En conséquence, faire jouer les élèves pour les accompagner vers un apprentissage précis peut s’avérer pertinent pour leur donner envie d’aller plus loin. Mais avec la condition que ce ne soit ni trop long ni dépourvu de l’essentiel : la nécessaire phase de déstabilisation où l’on reconnait ne pas en savoir suffisamment et où il est nécessaire que quelqu’un (ou quelque chose) vienne répondre aux questions que l’on se pose. Penser le jeu comme un principe pédagogique continu, c’est prendre le risque de contribuer à une augmentation des inégalités entre les élèves ainsi que celui d’enfermer les plus motivés dans une sorte de routine cognitive qui ne sollicite pas toutes leurs aptitudes pour apprendre.

Les attributs du vrai travail

Je n’ai rien contre cette nouvelle application, ni ses manifestations sociales. Dans le champ du jeu, et avec du temps disponible, j’y trouverais à coup sûr du plaisir et de l’intérêt. Ce que j’interroge plutôt est la volonté qui peut tenter certains enseignants de vouloir à tout prix rendre les élèves actifs, quitte à les faire jouer pour les mobiliser. C’est primordial d’avoir cette préoccupation, mais y répondre ne suffit pas si ce qu’effectuent les élèves n’est pas en lien avec un travail rigoureux de reconfiguration cognitive.

Pour éviter les malentendus qui pousseraient les élèves les plus démunis à penser que jouer est ce que l’école attend d’eux, de nombreux pédagogues proposent de substituer au jeu le travail authentique. Qu’entend-on alors par « travail vrai » ?

Un travail vrai serait tout d’abord une activité qui fait sens, c’est-à-dire à qui l’on peut attribuer des raisons judicieuses. En didactique, on parle de dévolution. C’est tout simplement un phénomène extrêmement précieux qui voit le problème apporté par l’enseignant devenir celui de l’élève.
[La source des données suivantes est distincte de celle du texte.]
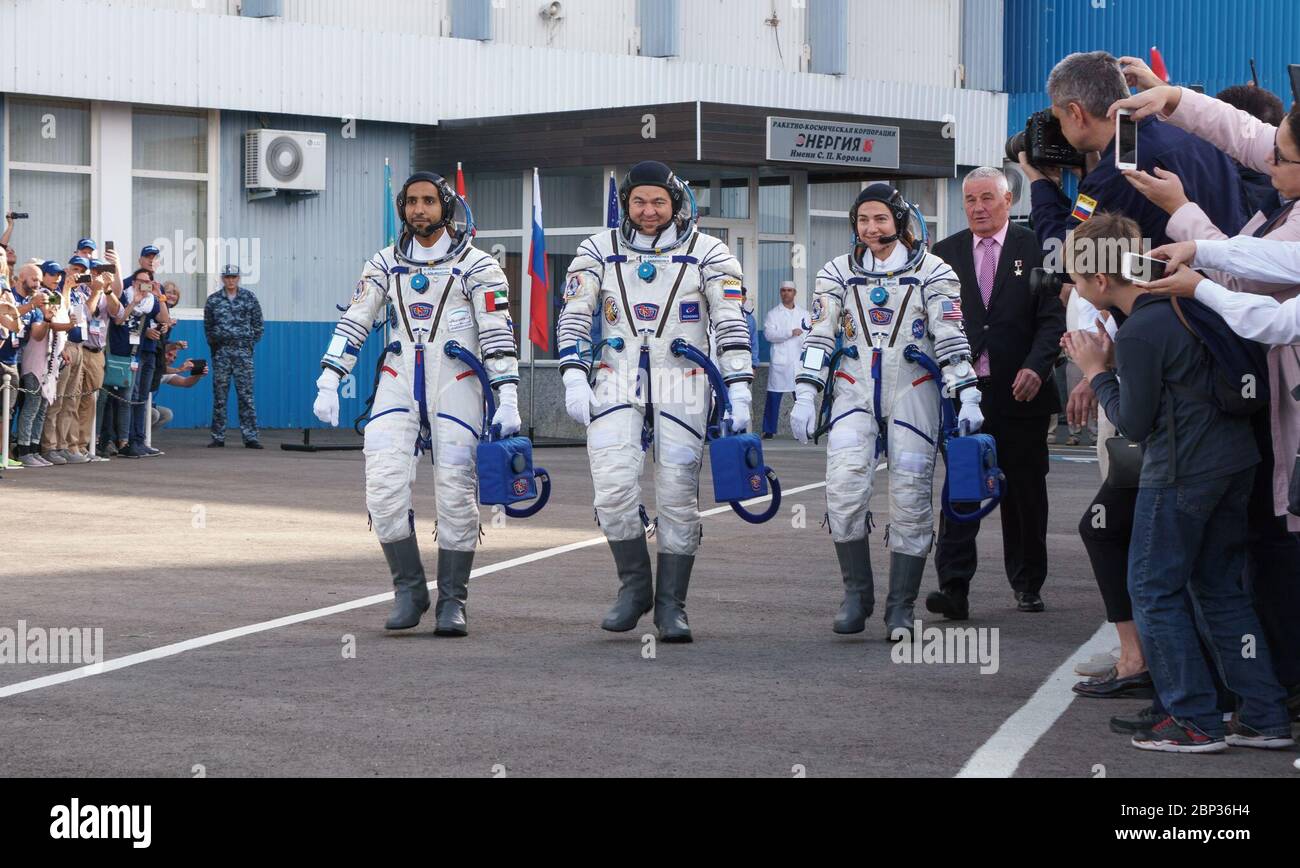 Expédition 61 Preflight participant à l'escoupage Hazzaa Ali Almansoori des Émirats arabes Unis, à gauche, membres de l'équipe d'expédition Oleg Skripochka de Roscosmos, et Jessica Meir de la NASA, à droite, quittent le bâtiment 254 et se dirigent vers leur lancement à bord du vaisseau spatial Soyuz TM-15, le mercredi 25 septembre 2019 au Cosmodrome de Baikonour au Kazakhstan. Meir, Skripochka et Almansoori seront lancés du Cosmodrome de Baikonour à la Station spatiale internationale. Banque D'Images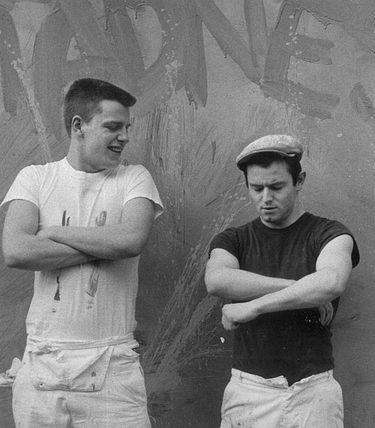 Two members of Madness in a black and white photo against aa wall where they have painted 'Madness'.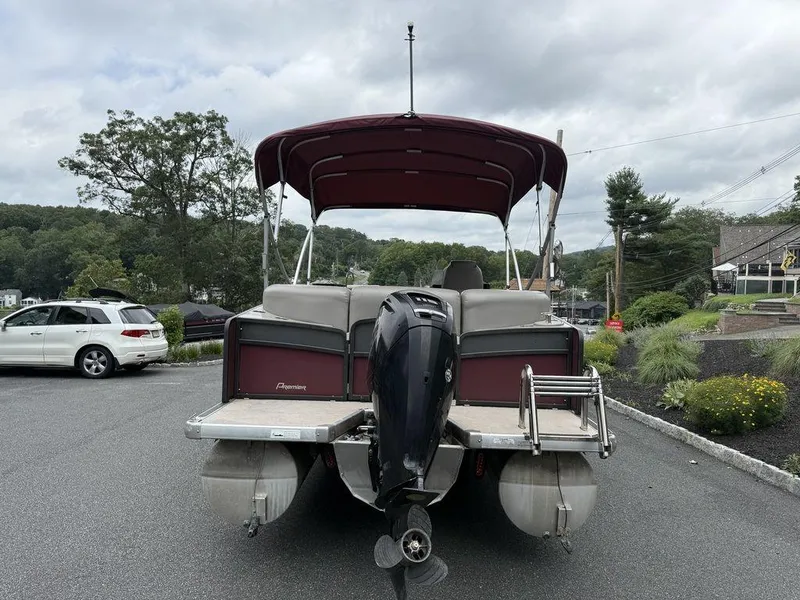 Slide: The Image of 2015 Premier 250 Solaris pontoon boat with outboard motor in a parking lot. - 4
Il constitue une sorte de défi personnel et l’investissement dans la tâche consiste à y apporter une solution.

En pédagogie, la dévolution se traduit par un changement de posture : passer d’une logique d’exécutant (où l’on se contente de faire ce que l’on nous demande) à celle d’ingénieur (où l’on pense ce que l’on fait, de ses intentions à son évaluation).
Un travail vrai serait ensuite en lien avec une part d’individualisation. Le temps scolaire s’équilibrerait entre des situations collectives, conduites par un enseignant pour accompagner la classe vers des préoccupations communes, et des situations personnalisées où chaque élève est mobilisé sur une tâche qui lui est spécifique, qui lui parle et pour laquelle il dispose de temps et de moyens pour sa réalisation. Un peu comme l’artisan qui s’affaire à son métier ou comme l’artiste avec son chef-d’œuvre. « Hâtez-vous lentement, et sans perdre courage, vingt fois sur le métier remettez votre ouvrage, polissez-le sans cesse, et le repolissez, ajoutez quelquefois, et souvent effacez. » (Boileau, L’Art poétique)

Enfin, un travail vrai serait en lien avec de la coopération. Pour trois raisons. La première parce qu’il est possible de travailler seul, en classe entière mais aussi avec d’autres, au sein de petits groupes. La deuxième parce que, face à un travail individuel, on est autorisé à demander de l’aide (et ainsi à ne pas rester bloqué en obtenant par d’autres ce qui nous manque). La troisième parce que l’on peut à son tour apporter de l’aide à un camarade qui nous sollicite et, en agissant de la sorte, la dévolution est maximale puisque l’on devient l’auteur de ce que l’on transmet.

Le patrimoine pédagogique est assez riche pour ne pas succomber aux chimères du jeu, parce qu’apprendre n’est pas toujours agréable et parce que jouer ne permet pas souvent de bien apprendre. Les modes et les facilités n’apportent que très rarement du progrès. La pédagogie des Pokémon peut certainement s’avérer très utile pour faire évoluer des pratiques sclérosées, mais elle n’est ni très sérieuse, ni au service d’apprentissages durables, justes et émancipateurs.